> [Problem to work on] Show every line below where "Silk" can be found.

Extracted records
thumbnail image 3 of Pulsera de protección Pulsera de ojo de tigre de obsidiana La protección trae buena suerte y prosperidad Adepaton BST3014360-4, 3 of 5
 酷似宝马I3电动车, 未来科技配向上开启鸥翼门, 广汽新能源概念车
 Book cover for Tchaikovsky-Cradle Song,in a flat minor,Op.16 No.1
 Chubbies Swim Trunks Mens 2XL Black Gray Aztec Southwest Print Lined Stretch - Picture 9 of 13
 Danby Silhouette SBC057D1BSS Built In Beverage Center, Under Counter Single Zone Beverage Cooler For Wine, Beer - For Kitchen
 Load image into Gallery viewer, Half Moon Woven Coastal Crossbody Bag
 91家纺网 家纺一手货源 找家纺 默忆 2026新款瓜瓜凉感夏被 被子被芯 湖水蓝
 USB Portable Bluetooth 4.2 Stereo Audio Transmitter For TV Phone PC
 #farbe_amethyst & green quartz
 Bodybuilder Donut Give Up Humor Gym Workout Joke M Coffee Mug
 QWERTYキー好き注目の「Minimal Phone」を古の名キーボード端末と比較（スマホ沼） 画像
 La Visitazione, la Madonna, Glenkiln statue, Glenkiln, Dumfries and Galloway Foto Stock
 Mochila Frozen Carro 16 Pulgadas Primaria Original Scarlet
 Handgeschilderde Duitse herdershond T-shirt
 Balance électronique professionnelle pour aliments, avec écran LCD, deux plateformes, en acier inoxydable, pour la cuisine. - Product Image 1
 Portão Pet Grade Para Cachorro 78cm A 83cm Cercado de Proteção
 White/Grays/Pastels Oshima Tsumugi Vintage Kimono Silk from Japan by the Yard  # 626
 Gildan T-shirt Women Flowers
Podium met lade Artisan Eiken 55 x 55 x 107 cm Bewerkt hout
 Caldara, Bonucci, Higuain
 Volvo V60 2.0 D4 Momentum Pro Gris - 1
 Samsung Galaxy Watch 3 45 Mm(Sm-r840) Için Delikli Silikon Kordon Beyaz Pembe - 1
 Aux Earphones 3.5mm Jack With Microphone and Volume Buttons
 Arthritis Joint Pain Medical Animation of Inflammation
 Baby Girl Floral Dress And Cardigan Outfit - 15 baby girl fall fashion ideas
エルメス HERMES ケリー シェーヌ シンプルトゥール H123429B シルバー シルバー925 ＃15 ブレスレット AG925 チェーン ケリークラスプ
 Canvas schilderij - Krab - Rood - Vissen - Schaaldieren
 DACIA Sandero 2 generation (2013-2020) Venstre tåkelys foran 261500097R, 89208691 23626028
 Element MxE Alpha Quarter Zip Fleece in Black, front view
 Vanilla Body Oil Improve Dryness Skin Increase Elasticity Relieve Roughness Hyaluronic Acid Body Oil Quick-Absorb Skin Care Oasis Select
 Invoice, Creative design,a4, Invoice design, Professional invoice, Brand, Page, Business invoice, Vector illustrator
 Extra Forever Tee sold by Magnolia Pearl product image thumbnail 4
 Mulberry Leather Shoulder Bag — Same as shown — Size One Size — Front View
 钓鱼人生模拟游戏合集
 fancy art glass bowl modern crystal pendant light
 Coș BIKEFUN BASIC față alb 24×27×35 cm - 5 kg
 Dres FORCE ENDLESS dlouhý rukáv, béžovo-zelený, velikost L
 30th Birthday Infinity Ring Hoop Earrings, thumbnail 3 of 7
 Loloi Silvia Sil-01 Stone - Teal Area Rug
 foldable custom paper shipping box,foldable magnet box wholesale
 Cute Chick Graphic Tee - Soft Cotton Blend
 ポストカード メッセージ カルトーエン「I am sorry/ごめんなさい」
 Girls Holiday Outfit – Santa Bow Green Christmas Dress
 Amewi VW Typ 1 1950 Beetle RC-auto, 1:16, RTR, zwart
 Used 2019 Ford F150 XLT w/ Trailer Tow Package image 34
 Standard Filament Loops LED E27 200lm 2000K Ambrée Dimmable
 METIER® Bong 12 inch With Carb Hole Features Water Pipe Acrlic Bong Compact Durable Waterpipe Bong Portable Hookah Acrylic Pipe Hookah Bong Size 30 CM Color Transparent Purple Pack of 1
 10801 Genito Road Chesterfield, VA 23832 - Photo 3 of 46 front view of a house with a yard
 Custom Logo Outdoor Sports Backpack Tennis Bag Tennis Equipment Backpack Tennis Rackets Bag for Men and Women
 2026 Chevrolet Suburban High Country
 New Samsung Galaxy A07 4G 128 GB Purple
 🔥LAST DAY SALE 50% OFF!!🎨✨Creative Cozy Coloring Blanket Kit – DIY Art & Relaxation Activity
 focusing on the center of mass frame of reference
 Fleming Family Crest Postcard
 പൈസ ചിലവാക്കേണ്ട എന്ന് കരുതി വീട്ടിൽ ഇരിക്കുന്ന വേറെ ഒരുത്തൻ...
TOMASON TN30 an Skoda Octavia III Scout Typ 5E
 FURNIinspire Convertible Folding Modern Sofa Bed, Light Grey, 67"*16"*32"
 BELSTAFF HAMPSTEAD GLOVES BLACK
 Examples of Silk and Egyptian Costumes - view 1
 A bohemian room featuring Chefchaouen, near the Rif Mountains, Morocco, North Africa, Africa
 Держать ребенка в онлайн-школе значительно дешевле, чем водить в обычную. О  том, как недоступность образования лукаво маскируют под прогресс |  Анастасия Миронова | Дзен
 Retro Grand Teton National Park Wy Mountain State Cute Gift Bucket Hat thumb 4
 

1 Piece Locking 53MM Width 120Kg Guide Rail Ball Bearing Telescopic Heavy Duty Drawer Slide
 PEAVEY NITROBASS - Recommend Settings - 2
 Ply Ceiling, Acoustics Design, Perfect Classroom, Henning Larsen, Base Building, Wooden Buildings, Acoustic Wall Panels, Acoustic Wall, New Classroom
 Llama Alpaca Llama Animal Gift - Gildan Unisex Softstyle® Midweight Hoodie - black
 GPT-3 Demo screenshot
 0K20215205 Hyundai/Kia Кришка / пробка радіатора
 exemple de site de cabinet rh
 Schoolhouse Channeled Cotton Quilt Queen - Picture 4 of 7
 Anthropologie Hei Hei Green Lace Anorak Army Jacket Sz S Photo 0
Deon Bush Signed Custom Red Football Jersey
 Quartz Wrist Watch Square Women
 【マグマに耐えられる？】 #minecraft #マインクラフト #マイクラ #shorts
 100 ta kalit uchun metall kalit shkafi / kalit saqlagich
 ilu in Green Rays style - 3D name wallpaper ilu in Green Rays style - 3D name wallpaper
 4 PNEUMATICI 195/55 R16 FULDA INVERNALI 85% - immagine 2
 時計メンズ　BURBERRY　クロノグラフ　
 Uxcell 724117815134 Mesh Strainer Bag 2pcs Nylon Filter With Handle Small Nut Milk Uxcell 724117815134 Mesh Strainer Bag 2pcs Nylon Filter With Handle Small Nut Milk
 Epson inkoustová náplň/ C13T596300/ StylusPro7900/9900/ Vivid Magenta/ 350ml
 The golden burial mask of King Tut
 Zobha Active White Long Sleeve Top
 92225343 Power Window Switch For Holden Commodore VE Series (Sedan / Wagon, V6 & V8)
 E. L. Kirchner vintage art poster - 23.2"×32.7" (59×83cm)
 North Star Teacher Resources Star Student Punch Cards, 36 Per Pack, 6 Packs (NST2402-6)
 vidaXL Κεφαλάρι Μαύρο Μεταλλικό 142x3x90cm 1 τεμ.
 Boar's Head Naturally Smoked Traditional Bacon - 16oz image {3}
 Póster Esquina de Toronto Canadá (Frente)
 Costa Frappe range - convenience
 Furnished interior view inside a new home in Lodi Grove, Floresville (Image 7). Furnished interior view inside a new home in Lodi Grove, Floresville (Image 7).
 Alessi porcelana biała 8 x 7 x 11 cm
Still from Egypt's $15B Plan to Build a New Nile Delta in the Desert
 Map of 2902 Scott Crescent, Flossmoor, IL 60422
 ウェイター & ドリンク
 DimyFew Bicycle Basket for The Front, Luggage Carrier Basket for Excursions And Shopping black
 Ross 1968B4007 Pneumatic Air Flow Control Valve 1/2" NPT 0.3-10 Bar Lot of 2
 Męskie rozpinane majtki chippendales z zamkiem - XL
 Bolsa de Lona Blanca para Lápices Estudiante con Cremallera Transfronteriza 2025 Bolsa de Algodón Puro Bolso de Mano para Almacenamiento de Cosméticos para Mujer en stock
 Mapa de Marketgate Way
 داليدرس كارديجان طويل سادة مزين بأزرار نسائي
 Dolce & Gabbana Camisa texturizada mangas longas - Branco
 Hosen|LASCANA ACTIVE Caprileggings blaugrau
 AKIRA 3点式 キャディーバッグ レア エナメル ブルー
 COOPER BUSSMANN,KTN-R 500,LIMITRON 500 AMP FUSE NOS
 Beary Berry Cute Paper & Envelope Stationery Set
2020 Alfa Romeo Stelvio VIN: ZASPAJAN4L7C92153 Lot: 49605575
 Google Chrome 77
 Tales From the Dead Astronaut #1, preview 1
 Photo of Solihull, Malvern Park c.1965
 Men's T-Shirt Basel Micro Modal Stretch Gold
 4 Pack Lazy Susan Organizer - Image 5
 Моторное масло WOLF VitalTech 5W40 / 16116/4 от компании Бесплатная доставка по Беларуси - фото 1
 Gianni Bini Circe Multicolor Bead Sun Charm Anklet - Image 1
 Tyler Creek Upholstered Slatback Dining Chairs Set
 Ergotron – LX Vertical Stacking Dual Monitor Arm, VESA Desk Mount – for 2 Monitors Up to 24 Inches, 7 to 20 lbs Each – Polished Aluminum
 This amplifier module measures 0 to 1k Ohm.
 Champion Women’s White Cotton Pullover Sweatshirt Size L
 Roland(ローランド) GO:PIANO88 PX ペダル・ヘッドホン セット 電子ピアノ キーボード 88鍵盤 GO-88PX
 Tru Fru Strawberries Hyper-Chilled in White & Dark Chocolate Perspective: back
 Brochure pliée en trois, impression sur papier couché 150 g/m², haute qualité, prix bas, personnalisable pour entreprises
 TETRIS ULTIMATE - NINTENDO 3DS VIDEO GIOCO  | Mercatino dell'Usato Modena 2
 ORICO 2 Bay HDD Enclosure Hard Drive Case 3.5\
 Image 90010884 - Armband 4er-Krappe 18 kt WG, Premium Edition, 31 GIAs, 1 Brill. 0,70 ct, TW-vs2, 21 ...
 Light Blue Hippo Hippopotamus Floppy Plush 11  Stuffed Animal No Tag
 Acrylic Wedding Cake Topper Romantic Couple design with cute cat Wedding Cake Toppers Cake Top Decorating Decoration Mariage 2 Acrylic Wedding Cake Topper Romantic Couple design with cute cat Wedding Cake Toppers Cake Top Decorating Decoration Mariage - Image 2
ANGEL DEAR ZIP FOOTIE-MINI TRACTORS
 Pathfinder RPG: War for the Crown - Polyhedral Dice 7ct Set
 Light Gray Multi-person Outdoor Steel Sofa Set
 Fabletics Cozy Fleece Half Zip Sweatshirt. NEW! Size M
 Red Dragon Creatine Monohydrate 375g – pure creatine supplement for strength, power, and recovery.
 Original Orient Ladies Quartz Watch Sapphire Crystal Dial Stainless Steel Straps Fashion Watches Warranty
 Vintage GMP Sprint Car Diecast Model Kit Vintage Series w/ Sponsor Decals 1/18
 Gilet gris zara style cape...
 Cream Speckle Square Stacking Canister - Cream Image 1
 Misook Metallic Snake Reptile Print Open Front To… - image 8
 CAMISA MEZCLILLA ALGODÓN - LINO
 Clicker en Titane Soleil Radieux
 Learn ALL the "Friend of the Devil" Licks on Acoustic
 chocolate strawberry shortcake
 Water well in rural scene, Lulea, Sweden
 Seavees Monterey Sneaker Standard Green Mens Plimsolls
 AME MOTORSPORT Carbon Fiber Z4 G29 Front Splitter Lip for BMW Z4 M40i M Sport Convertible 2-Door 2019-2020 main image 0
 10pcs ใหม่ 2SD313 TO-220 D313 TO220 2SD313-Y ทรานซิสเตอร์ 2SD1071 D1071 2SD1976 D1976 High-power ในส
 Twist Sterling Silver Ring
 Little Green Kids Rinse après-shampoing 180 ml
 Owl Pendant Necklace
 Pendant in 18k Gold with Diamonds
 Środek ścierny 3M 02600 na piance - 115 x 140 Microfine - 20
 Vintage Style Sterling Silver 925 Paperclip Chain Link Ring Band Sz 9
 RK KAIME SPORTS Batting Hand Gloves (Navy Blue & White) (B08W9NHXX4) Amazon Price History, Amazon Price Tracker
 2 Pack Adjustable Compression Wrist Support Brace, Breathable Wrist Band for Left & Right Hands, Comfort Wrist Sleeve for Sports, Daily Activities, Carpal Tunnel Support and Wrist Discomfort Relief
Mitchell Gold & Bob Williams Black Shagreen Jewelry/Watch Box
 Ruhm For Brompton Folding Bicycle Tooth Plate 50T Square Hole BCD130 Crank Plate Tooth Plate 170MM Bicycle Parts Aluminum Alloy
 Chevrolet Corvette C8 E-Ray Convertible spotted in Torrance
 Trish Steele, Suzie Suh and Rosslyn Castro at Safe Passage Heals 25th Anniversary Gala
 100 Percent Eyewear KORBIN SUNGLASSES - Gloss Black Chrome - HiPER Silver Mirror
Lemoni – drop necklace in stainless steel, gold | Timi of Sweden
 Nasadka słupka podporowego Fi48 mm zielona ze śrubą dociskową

> [Exercise response]
 White/Grays/Pastels Oshima Tsumugi Vintage Kimono Silk from Japan by the Yard  # 626
 Examples of Silk and Egyptian Costumes - view 1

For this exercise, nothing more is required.